Directions for this task: Give a verbatim copy of the lines below, minus the pictures.

Supplied material:

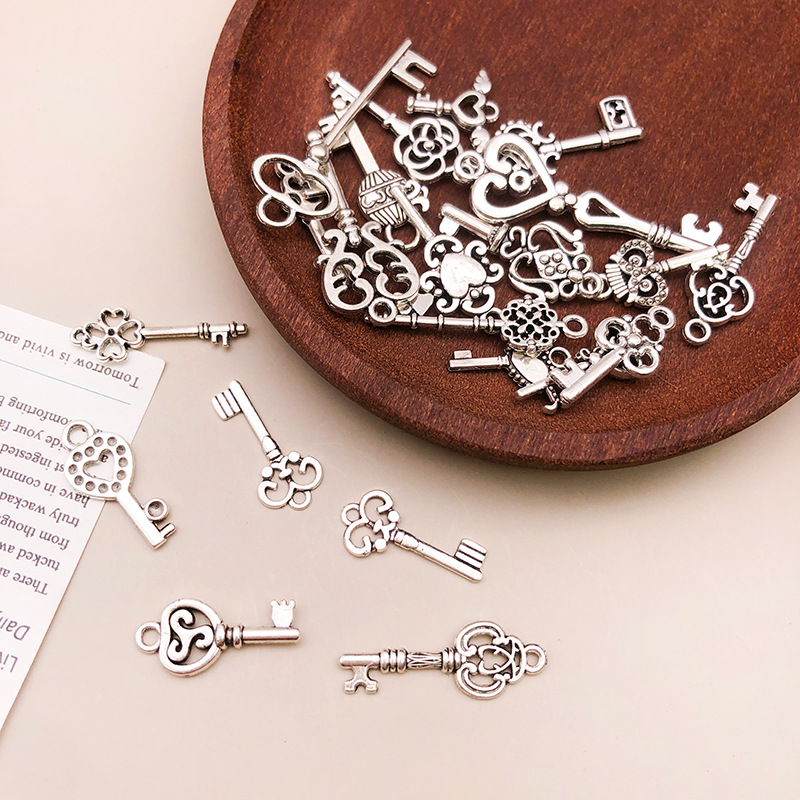 50กรัม/แพ็คกุญแจเสน่ห์สร้อยข้อ - Jewelry Making Business บทวิจารณ์และราคา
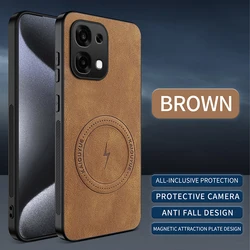 Luxury PU - Leather Shockproof Phone Case Cover - Premium Protection for OPPO A6 Pro (Brown)
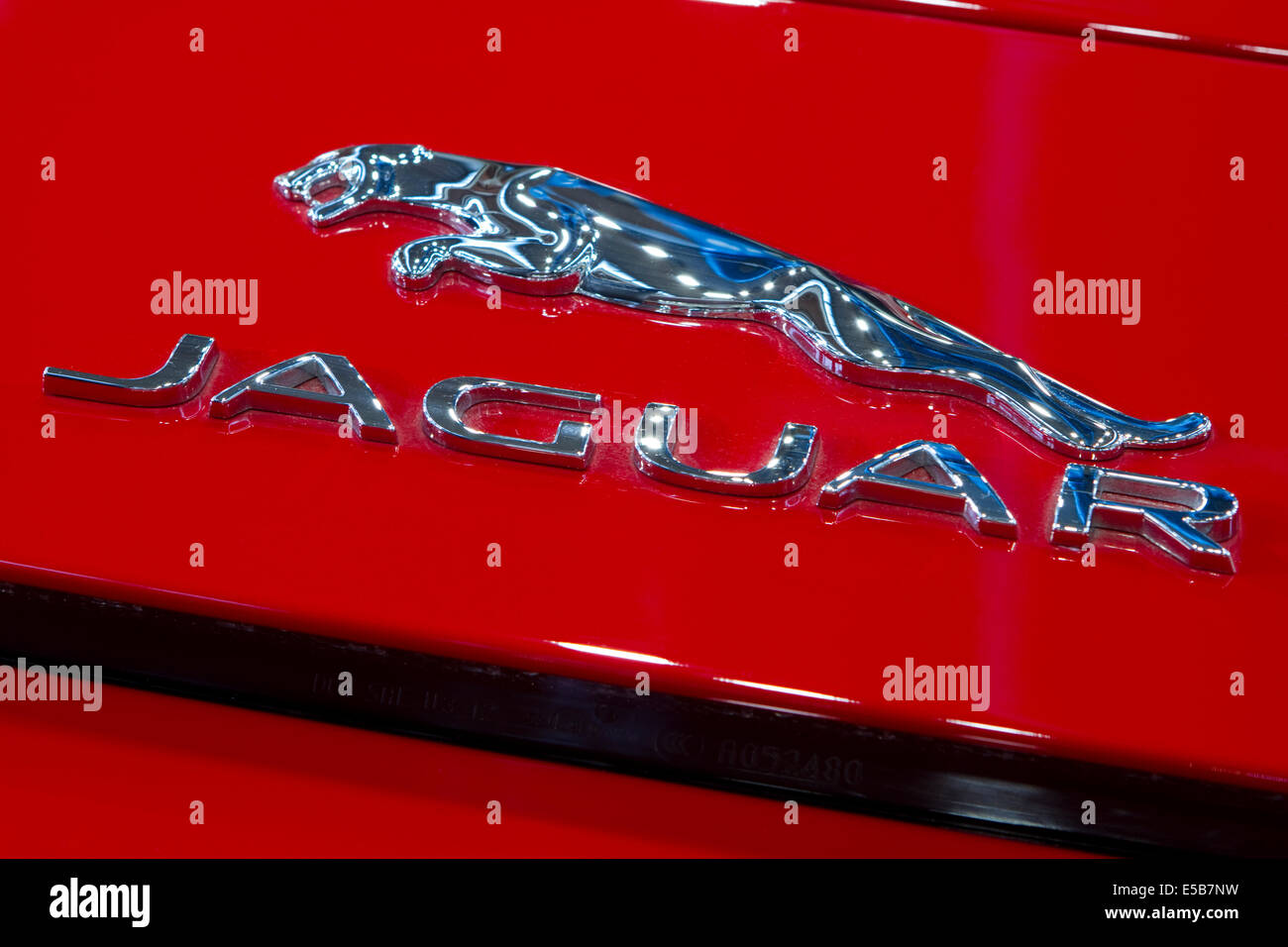 Jaguar-logo Stockfoto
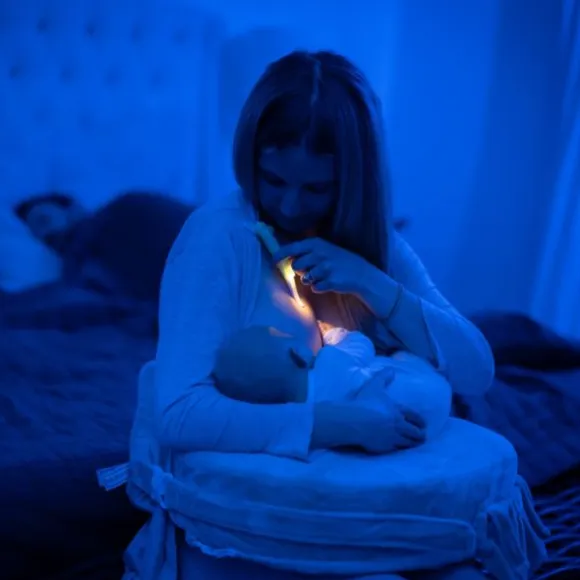 LatchLight Voedingslampje - Mint / White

Result of this exercise:
 50กรัม/แพ็คกุญแจเสน่ห์สร้อยข้อ - Jewelry Making Business บทวิจารณ์และราคา
 Luxury PU - Leather Shockproof Phone Case Cover - Premium Protection for OPPO A6 Pro (Brown)
 Jaguar-logo Stockfoto
 LatchLight Voedingslampje - Mint / White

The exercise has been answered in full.